Rushdie’s latest novel, seven years in the making, researching and writing, spans the worlds of the Mughal emperor Akbar the Great and Renaissance Florence. Despite the title and the publisher’s description of The Enchantress of Florence as “the story of a woman attempting to control her own destiny in a man’s world”, it is Akbar who dominates this story. Make no mistake, this novel is not A Woman of Substance for the chattering classes.
The story of the black-eyed, long-forgotten Mughal princess Qara Köz is related by a mysterious yellow-haired chancer who turns up at Akbar’s court in Sikri. Indeed Qara Köz turns out to be central to this stranger’s past and future. But Qara Köz’s tale is background music to the journey of thought and belief that drives this book. The pulse of the tale is Akbar’s imagination, the way it wraps itself round and pervades the teller’s tale while grappling with the possibilities of belief and what it means to be human.
Rushdie can pitch you into the middle of a journey and leave you to hold on, whether it’s falling out of the air singing “Ho ji! Ho ji!” or “handcuffed to history” with a very large nose. However disorientated, you do hold on because, simultaneously, you are carried along by the magic of Rushdie’s storytelling. In The Enchantress of Florence, when we come across a young Machiavelli and pals hunting for mandrake roots so they can have occult powers over women, we go along with it despite the blurring of history and fantasy. We want to believe a good story convincingly told, magical untruths and all, because storytelling is an essentially human thing and Rushdie is one of our best. In the description of Qara Köz’s lover Argalia the Turk, abandoned as a boy after a sea battle, we see what it means to be bereft of these human stories:
“A gob of sputum, bobbing for an instant on the waves before he drowned ... This was what was left of a human individual when you took away his home, his family, his friends, his city, his country, his world: a being without context, whose past had faded, whose future was bleak, an entity stripped of name, of meaning, of the whole of life except a temporarily beating heart.”
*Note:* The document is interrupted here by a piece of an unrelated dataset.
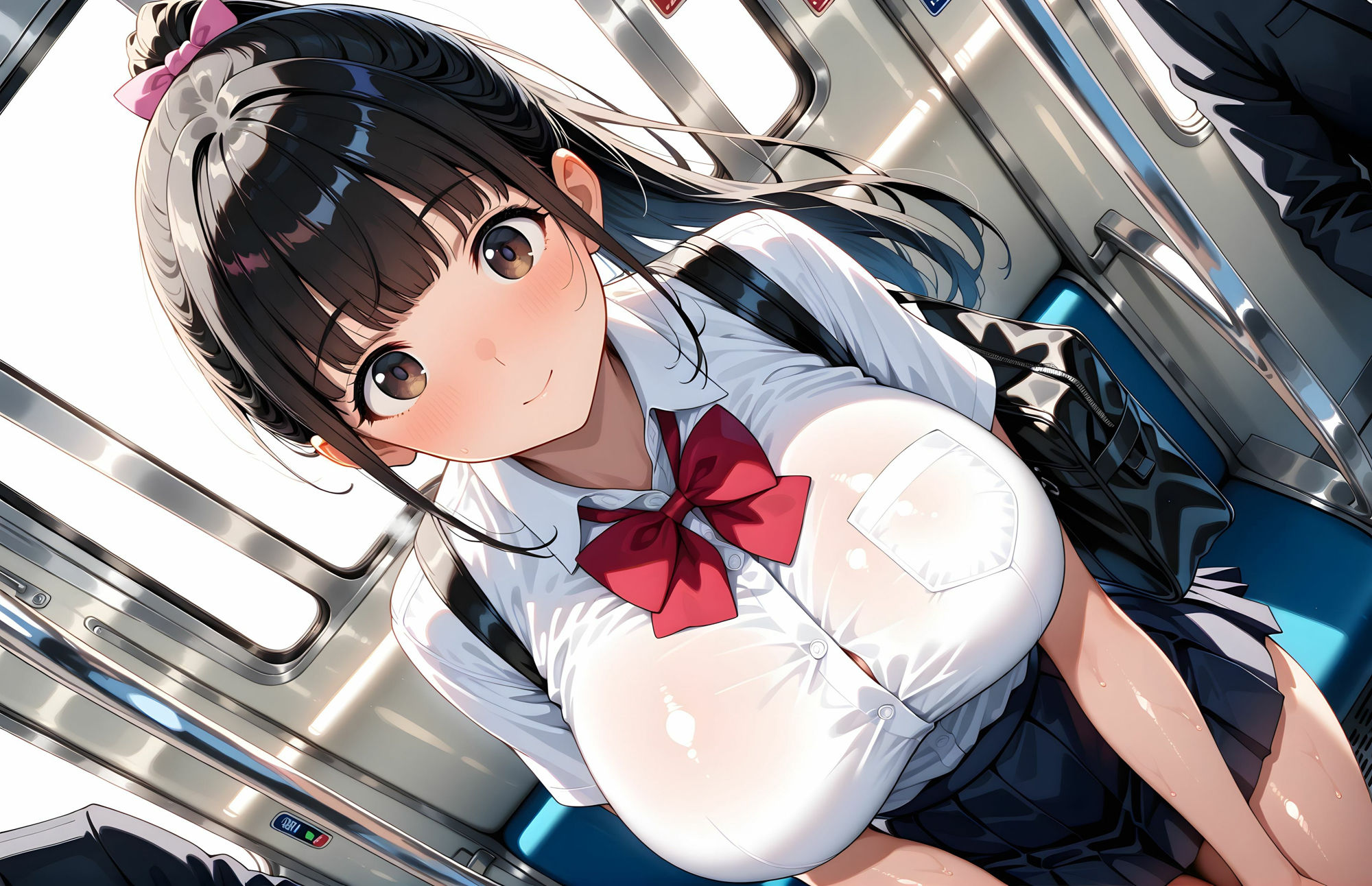 【4Kの高画質】電車で会った巨乳女生徒〜セフレ化するまで、 - サンプル画像 4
With Akbar, Rushdie takes us on an imaginative journey through the mind of an all-powerful man who comes to realise that the ability to create and shape the world and its stories is the fulfilment of human potential rather than of divine will: “Religion could be rethought, re-examined, remade, perhaps even discarded.” The progressiveness of Akbar’s thought and religious tolerance comes to life in the Tent of New Worship, where argument is “the only god”. Rushdie throws down a gauntlet to those who hold that Islamic culture has always been irreconcilably antithetical to humanist thought. Florence, with its internecine wars and public burnings – the monk Savonarola “roasting nicely in the middle of the Piazza della Signoria” – is barbarian compared to the enlightened tolerance of Akbar’s court. Humanism’s journey has taken many paths and we don’t yet know how it ends. But the ending, as Rushdie shows us, is undoubtedly ours to make.